### [Work to complete]
Your answer must be the full listing, reproduced exactly, minus any pictures.

### [Material supplied]
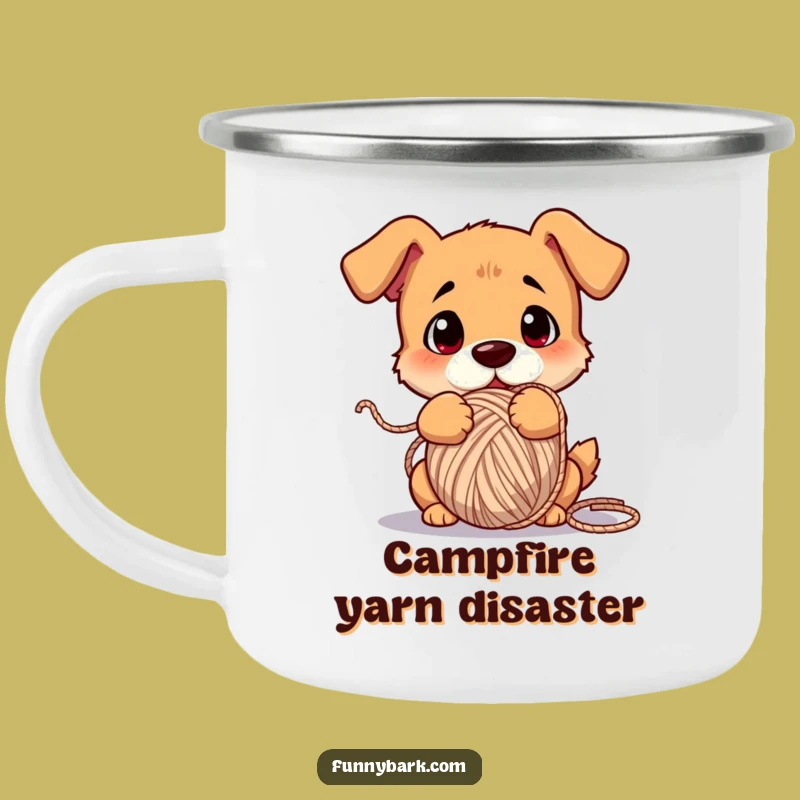 Funny Dog Yarn Camping Mug - Outdoor Pup Tangled Cup Pet Gift
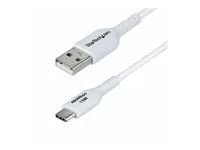 StarTech 3ft (1m) White USB-A to USB-C Charging Cable/Cord, M/M - USB kabel - USB (M) do USB-C (M) - USB 2.0 - 3 A - 1 m - neobsahuje halogen, pasivní, nabíjení a synchronizace, USB Fast Charge (15W) - bílá
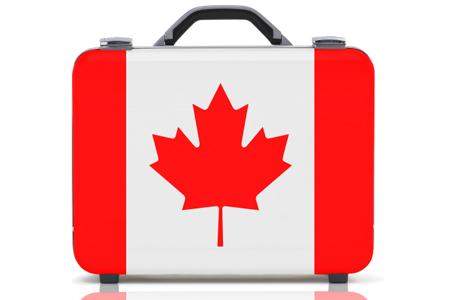 briefcase with Canada flag pattern overlay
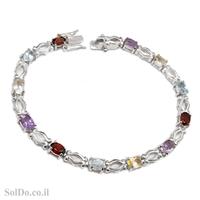 צמיד מכסף משובץ אבני גרנט, אמטיסט, סיטרין וטופז כחול Z3081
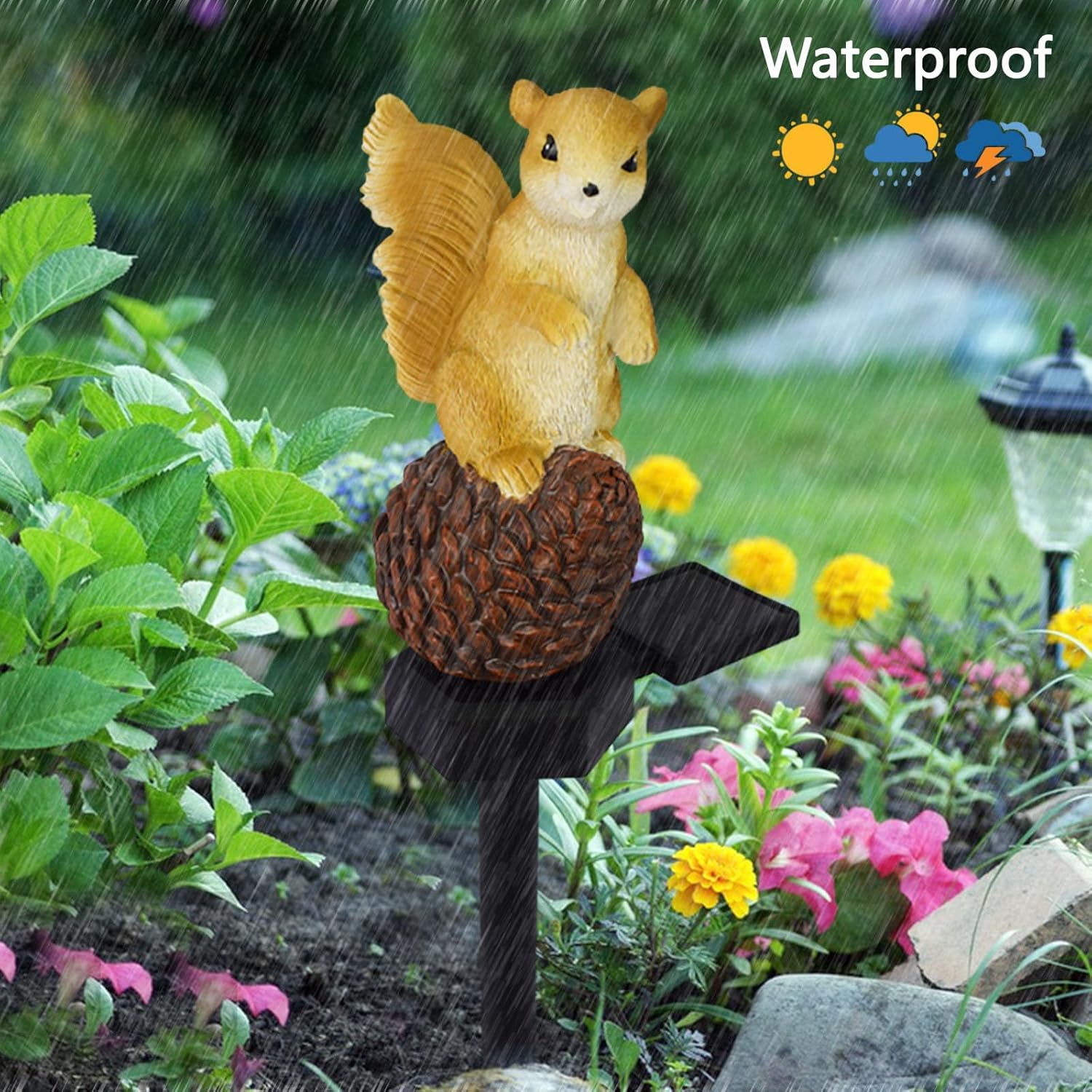 Садовий ліхтар на сонячній батареї Білка на шишці - мініатюра 4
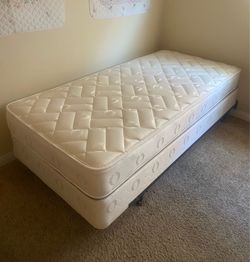 Custom Comfort Twin XL Mattress, Box Spring, and Frame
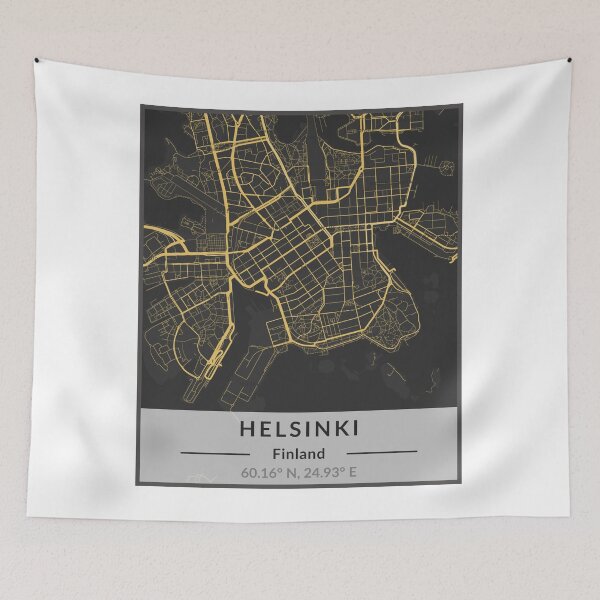 Artikelvorschau, Minimalistische Kartenkunst von Helsinki (Schwarz und Gold) entworfen und verkauft von MapMyCity.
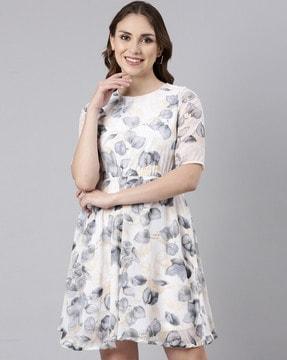 women floral fit & flared dress with round neck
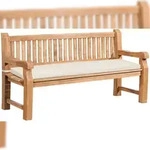 DELUKE Gartenbank Teakbank DABEL - Holz Creme 180x61x93 cm | Holzbank 180 Cm Mit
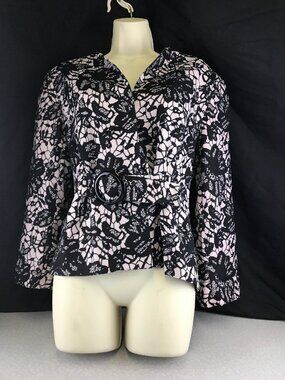 Isabella Floral Suit Coat Belted Careerwear Business Wear KG Y2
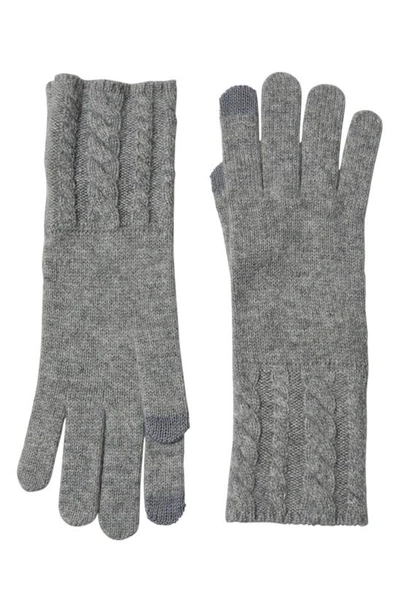 Bruno Magli Cashmere Knit Gloves In Grey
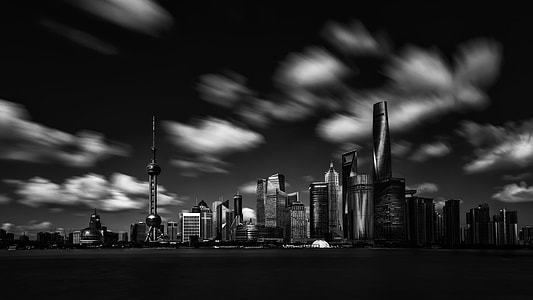 grayscale photo of city thumbnail
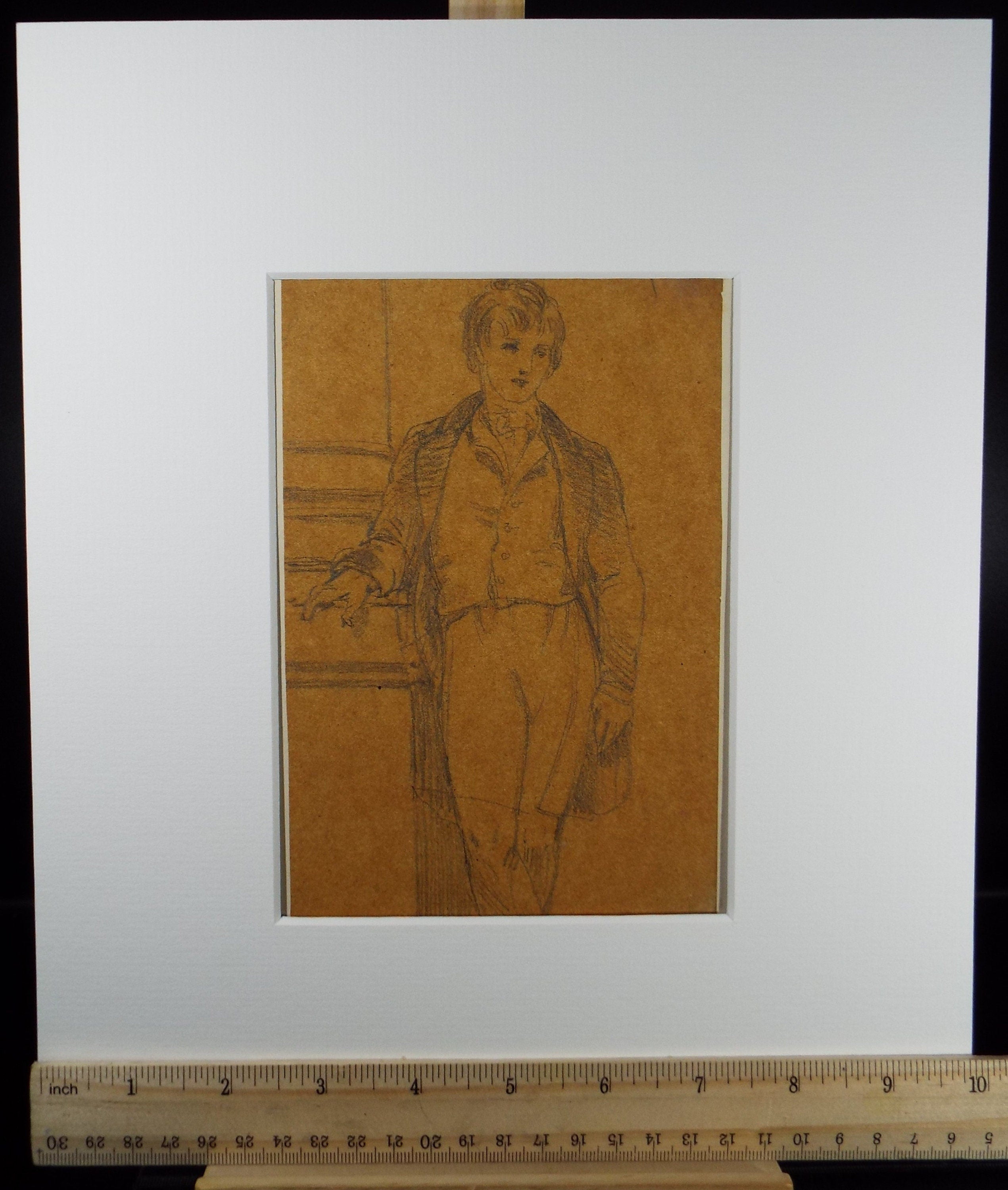 Original Pencil Drawing,'Boy in a Frock Coat', John Wood (1801-1870)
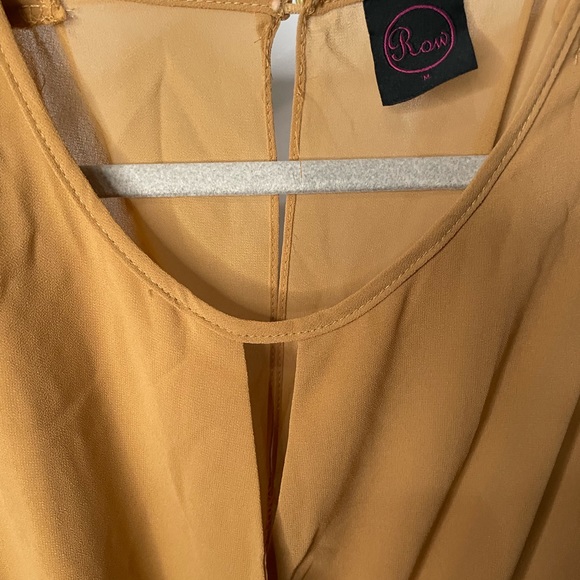 Row Camel Colored Semi-Sheer Crepe Jumpsuit Surplice Front Medium - Picture 3 of 8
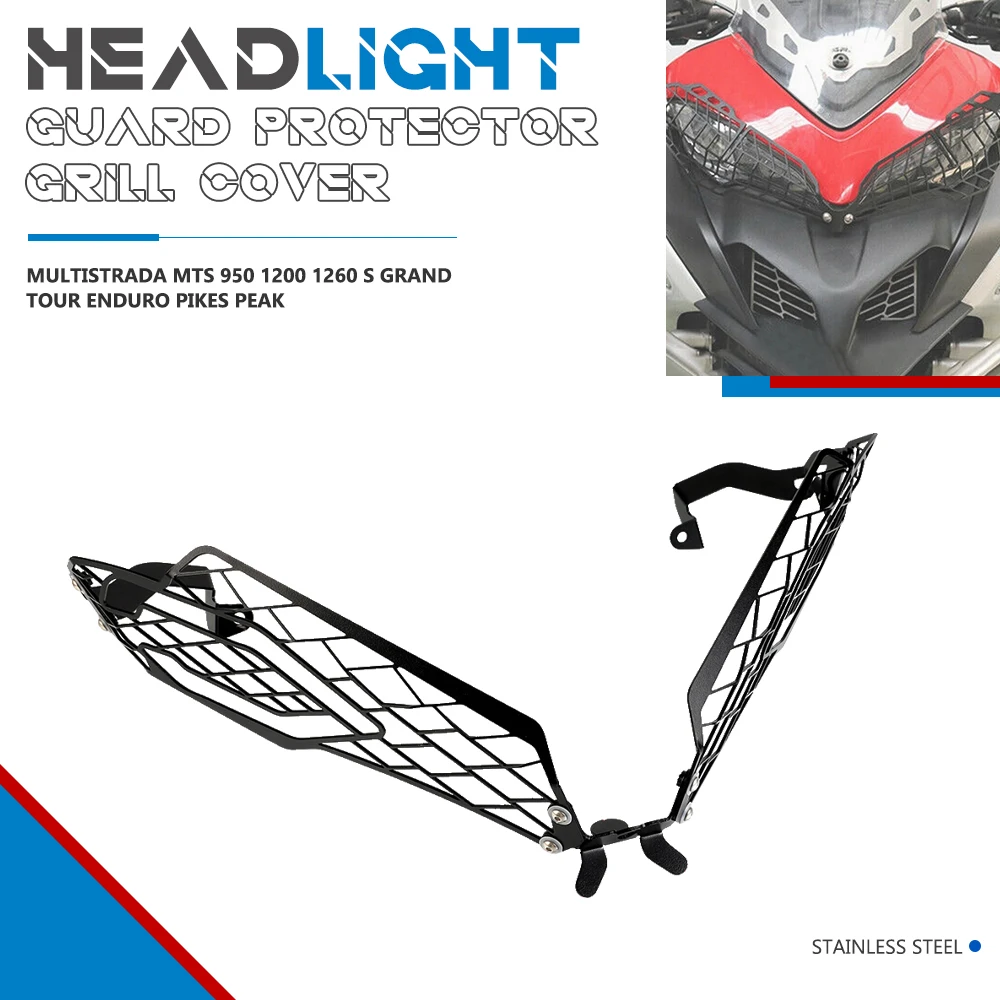 

Headlight Protector Grille For DUCATI MULTISTRADA 950 1200 1260 2015-2019 2020 2021 Head Light Guard Headlamp Protection Cover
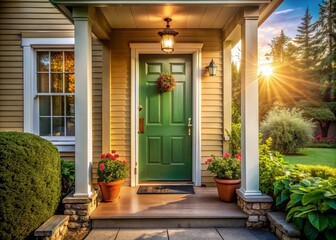 retro style nostalgic vintage green door suburban neighborhood one door open welcoming porch inviting warm sunlight and happy memories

### [Response area]
 Funny Dog Yarn Camping Mug - Outdoor Pup Tangled Cup Pet Gift
 StarTech 3ft (1m) White USB-A to USB-C Charging Cable/Cord, M/M - USB kabel - USB (M) do USB-C (M) - USB 2.0 - 3 A - 1 m - neobsahuje halogen, pasivní, nabíjení a synchronizace, USB Fast Charge (15W) - bílá
 briefcase with Canada flag pattern overlay
 צמיד מכסף משובץ אבני גרנט, אמטיסט, סיטרין וטופז כחול Z3081
 Садовий ліхтар на сонячній батареї Білка на шишці - мініатюра 4
 Custom Comfort Twin XL Mattress, Box Spring, and Frame
 Artikelvorschau, Minimalistische Kartenkunst von Helsinki (Schwarz und Gold) entworfen und verkauft von MapMyCity.
 women floral fit & flared dress with round neck
 DELUKE Gartenbank Teakbank DABEL - Holz Creme 180x61x93 cm | Holzbank 180 Cm Mit
 Isabella Floral Suit Coat Belted Careerwear Business Wear KG Y2
 Bruno Magli Cashmere Knit Gloves In Grey
 grayscale photo of city thumbnail
 Original Pencil Drawing,'Boy in a Frock Coat', John Wood (1801-1870)
 Row Camel Colored Semi-Sheer Crepe Jumpsuit Surplice Front Medium - Picture 3 of 8

Headlight Protector Grille For DUCATI MULTISTRADA 950 1200 1260 2015-2019 2020 2021 Head Light Guard Headlamp Protection Cover
 retro style nostalgic vintage green door suburban neighborhood one door open welcoming porch inviting warm sunlight and happy memories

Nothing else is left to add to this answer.